Как ни странно, «Крутая разборка» оказалась заурядной мелодрамой, а «Печальные глаза осени» боевиком по-русски, хотя, судя по названиям, должно быть наоборот. Но Бог им судья.
Да-да, теперь я окончательно вспомнила Голицына: ей-ей Сталлоне! Так же печально смотрит в камеру и несет какую-то хренотень. Весьма физически развит, мог бы сорвать какой-нибудь приз на соревнованиях культуристов. И так же, как Сталлоне, актер никакой.
«Но зато какие глаза!» – парировала это утверждение одна моя знакомая. Что ж, с таким аргументом не поспоришь.
Хотя, мне кажется, что печаль в этих глазах и не ночевала – и у Сталлоне, и у Голицына. Просто тип лица такой от рождения.

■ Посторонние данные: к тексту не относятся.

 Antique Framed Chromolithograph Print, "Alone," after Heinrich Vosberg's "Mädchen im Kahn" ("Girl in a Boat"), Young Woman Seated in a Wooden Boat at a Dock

У меня был один приятель со столь зверской рожей, что его обходили за версту. А ведь добрейший был человек! Так что про глаза – не надо ля-ля.
Позевывая, я досмотрела до конца оба фильма. Который боевик – туда-сюда, который мелодрама – редкостный отврат. Уж и не знаю, зачем на такое деньги выделяют. Впрочем, если выделяют, значит, так нужно – наверняка там свои ходы-выходы, неведомые простым смертным.

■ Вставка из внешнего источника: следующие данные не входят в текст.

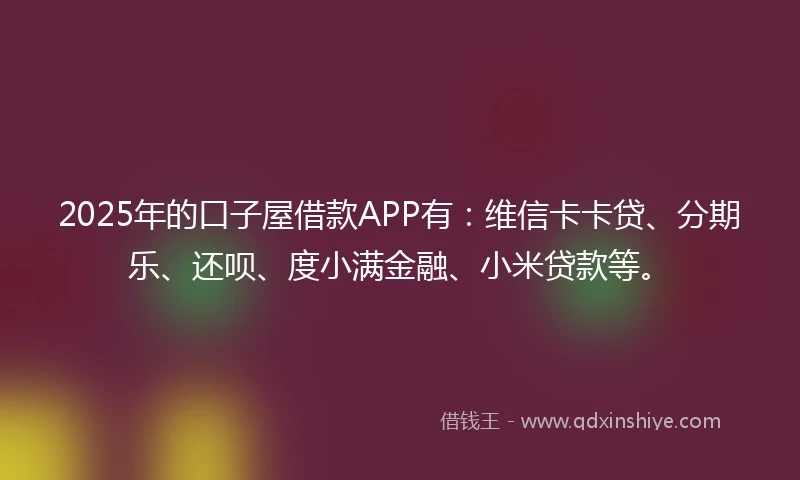 2025年的口子屋借款APP有：维信卡卡贷、分期乐、还呗、度小满金融、小米贷款等。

Сюжеты обоих фильмов были донельзя схожими. В первом – «Крутая разборка» – Голицын исполнял роль телохранителя, влюбленного в богатую миллионершу, которая периодически отвечала ему взаимностью то на фоне Останкинской телебашни, то возле другой башни – Эйфелевой. В конце концов, муж героини убивает обоих где-то возле Пизанской башни: влюбленные пытались скрыться в Италии. Башни, видимо, предполагали собой фаллическую символику, а сценарий – как можно больше заграничной натуры, чтобы съемочная группа могла вдоволь покататься по миру.
Во втором фильме – насчет печальных глаз осени – Голицын играл супермена-спецназовца, который влюбляется в бандитку и пытается наставить ее на путь истинный, но в результате оказывается втянутым в грабежи и разбои. В финале оба гибнут под пулями коллег Голицына, не отягощенных нежными чувствами к криминальным дамам. Заграницей тут уже и не пахло, финансирование было не то, и режиссер ограничился крымскими пейзажами – тоже хлеб.
Печальных глаз Голицына в обоих фильмах было с избытком. Одинаково невыразимо тоскливым взором смотрел Роальд и на своих возлюбленных, и на своих врагов. Женщины, наверное, млели.
Помнится, сразу после первого фильма начал складываться своеобразный культ этого актера, да вот как-то не сложился. Причин тому могло быть великое множество, и я решила как-нибудь при случае навести справки по этому поводу – сейчас уже не оставалось времени.
Очевидно, чтобы добру не пропадать даром, Голицына решили перепрофилировать и, периодически напоминая населению, что Роальд еще и в кино снимался, перебросили на телевидение.
Уж и не знаю, почему решено было выбрать именно эту юмористическую программу и была ли она создана специально «под Голицына». Герой-любовник-супермен в роли идиота-ведущего – это было довольно крутым поворотом в имидже Роальда, но и тут он пришелся ко двору.
Аудитория, кстати сказать, расширилась. Теперь Роальда Голицына любили не только неполовозрелые киноманки, но и домохозяйки всех возрастных категорий, которые подсели на эту передачу.
Роальд по-своему был даже слегка обаятелен в роли ведущего. Его амплуа можно было определить как «грустный клоун» – у нас таких любят, чтобы сам был печальный, а других смешил.
Напомнив себе, что при случае следует выяснить причину столь резкой перемены образа, я улеглась спать, поставив будильник на шесть часов.